┌────────

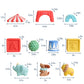 Itzy Ritzy Itzy Blocks - Circus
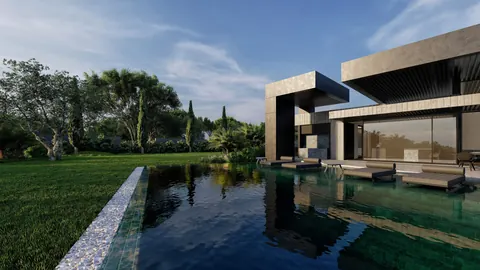 Premium Villa Sea View, nestled in the heart Golden Triangle, 8 bedrooms in Algarve search for sale For Super Rich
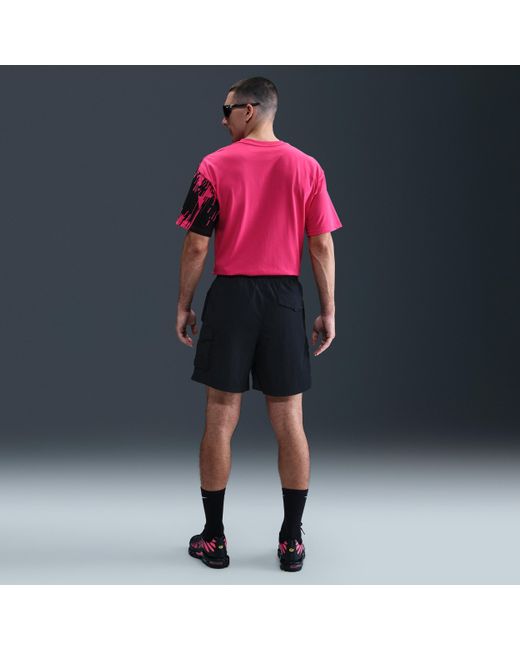 Nike Pink Max90 Soccer T-Shirt for men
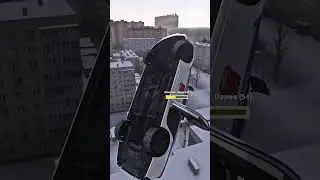 ОН СДЕЛАЛ САМЫЙ НЕВЕРОЯТНЫЙ ПРЫЖОК НА BMW! l MTA PROVINCE
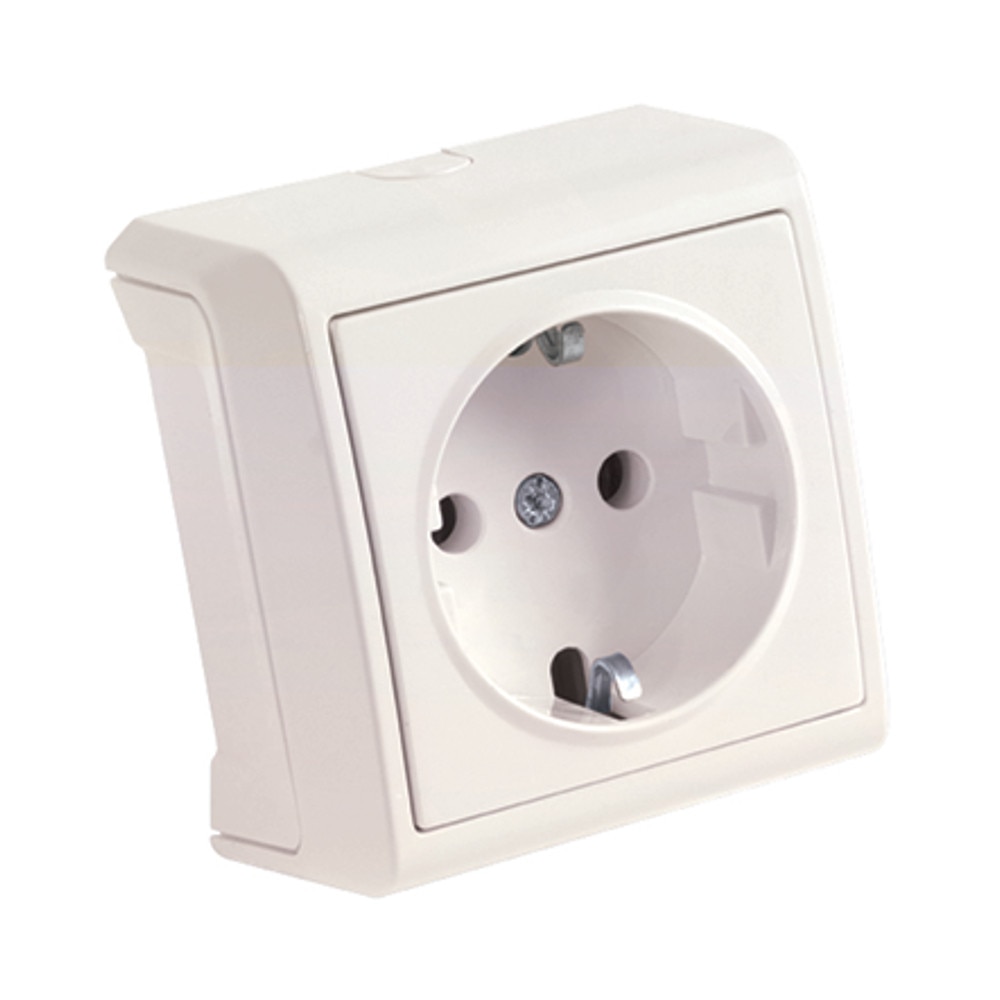 Priza Suco Antigron Vi-Ko Alb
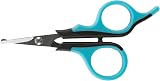 TRIXIE Face and Paw Scissor for Dog 9 cm Black view 2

└────────

--- DIRECTIONS ---
Apart from the images, everything in the records must be repeated exactly.

--- WRITTEN SOLUTION ---
 Itzy Ritzy Itzy Blocks - Circus
 Premium Villa Sea View, nestled in the heart Golden Triangle, 8 bedrooms in Algarve search for sale For Super Rich
 Nike Pink Max90 Soccer T-Shirt for men
 ОН СДЕЛАЛ САМЫЙ НЕВЕРОЯТНЫЙ ПРЫЖОК НА BMW! l MTA PROVINCE
 Priza Suco Antigron Vi-Ko Alb
 TRIXIE Face and Paw Scissor for Dog 9 cm Black view 2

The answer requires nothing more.